Augmenting Performance Precision of Brain Signals through Corporeal Modes to Identify Bradykinesia Through Multilevel SVM and Entropy Computation
摘要
The Electroencephalogram (EEG) of a human brain constitutes the rudimentary aspect of determination in cognizing the various neurological and corporeal variations that an individual may be diagnosed with. The neoteric times have evinced the EEG metrics to be quintessential in narrowing the health detriments in the human body. The processing of brain signals has entailed various unconventional technologies, and their meticulous understanding forms to be a crucial dimensionality of medical studies. Research apropos to identifying bradykinesia constitutes largely on the overall observation of the clinical parameters such as neurological fluctuations and motor volatilities. This Indagation pivots on segregating the alpha signal waves from the brain signals through the Discrete Wavelet transform level-5-Daubechies-2 into different phases such as relaxed, active and sleeping mode.

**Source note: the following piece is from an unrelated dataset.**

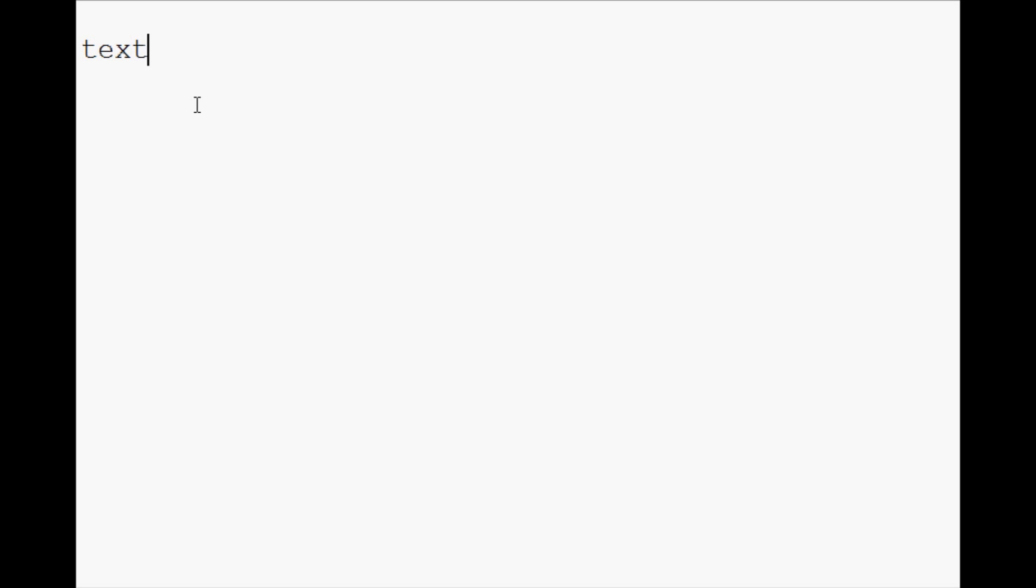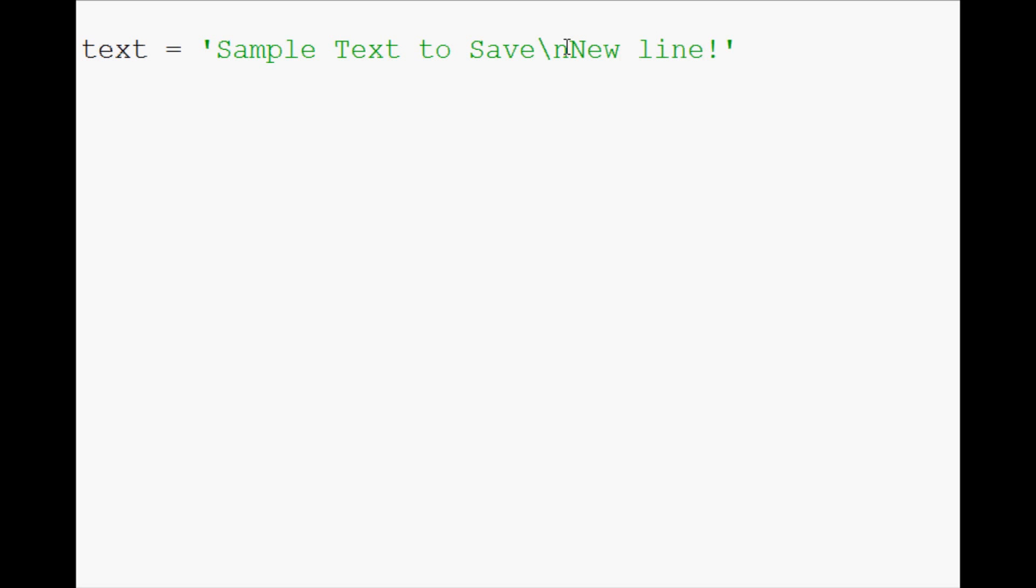So first, we need something that we're actually going to write. For that, we're going to say text, and text is going to equal sample text to save, and then we're going to have backslash n for a new line, and then after that, we're going to have a new line. Good enough.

The proposed algorithm pivots on enhancing the classification accuracy of identifying bradykinesia through the various modes by effectuating the Multilevel Support Vector Machine (SVM) with the Radial-basis function (RBF) kernel and entropy bandwidth frequency calculation using the Thomson-Welch Multitaper power spectral density estimation method. The results are successfully obtained, and the simulations are implemented in MATLAB.